Considérant que l’action principale des victimes tendait à obtenir la réparation de préjudices moraux détachables de toute atteinte à la personne, et dans la limite de son seuil de compétence, le tribunal d’instance s’est reconnu compétent pour connaître du litige. Il a en revanche accueilli l’exception d’incompétence soulevée par les laboratoires à l’encontre de l’action subsidiaire fondée sur le régime de responsabilité du fait des produits défectueux (C. civ., art. 1245 et s.).

Sur le fond, le tribunal a été conduit à apprécier si le comportement de la société Merck était constitutif d’une faute civile délictuelle ou quasi-délictuelle lorsque, en avril 2017, il a procédé à un changement de la formule du Levothyrox, en conservant le même principe actif (la levothyroxine), mais en incorporant des excipients différents.

Il était principalement reproché au laboratoire une notice défaillante ne recensant pas les mêmes effets secondaires que dans d’autres pays, un manque d’information préalable au changement de formule, un défaut d’information des patients a posteriori, une absence de prise de contact avec les associations de malades, un retard dans l’actualisation des informations figurant sur le site internet du laboratoire.

Le juge lyonnais a d’abord rappelé que plusieurs pays avaient dû faire face à des problèmes analogues lors du changement de formule du Levothyrox.

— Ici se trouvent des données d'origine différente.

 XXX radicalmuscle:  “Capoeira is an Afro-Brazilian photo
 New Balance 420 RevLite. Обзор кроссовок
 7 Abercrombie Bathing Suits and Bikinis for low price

Il a ensuite constaté que la modification de la composition est intervenue à la suite d’une demande, datant de 2012, de l’ex-AFSSAPS (devenue l’ANSM), dans la perspective d’éviter des différences trop importantes de bioéquivalence, compte tenu de l’arrivée de médicaments génériques de la levothyroxine. Il a enfin admis que la notice du Levothyrox, nouvelle formule, était conforme aux exigences réglementaires (C. santé publ., art. R. 5121-149) et contenait une information pertinente, accessible et intelligible pour les patients quant aux effets indésirables du produit, le plan de communication mis en place, dès février 2017, en concertation avec l’ANSM à destination des seuls professionnels de santé étant justifié par le fait que le médicament était soumis à prescription médicale obligatoire.

L’action des demandeurs introduite sur le fondement des articles 1240 et 1241 du code civil a donc été rejetée, de même que celle fondée sur l’article 16-3 du code civil, aucun comportement caractérisant une atteinte à la dignité des malades n’ayant été établi selon le tribunal.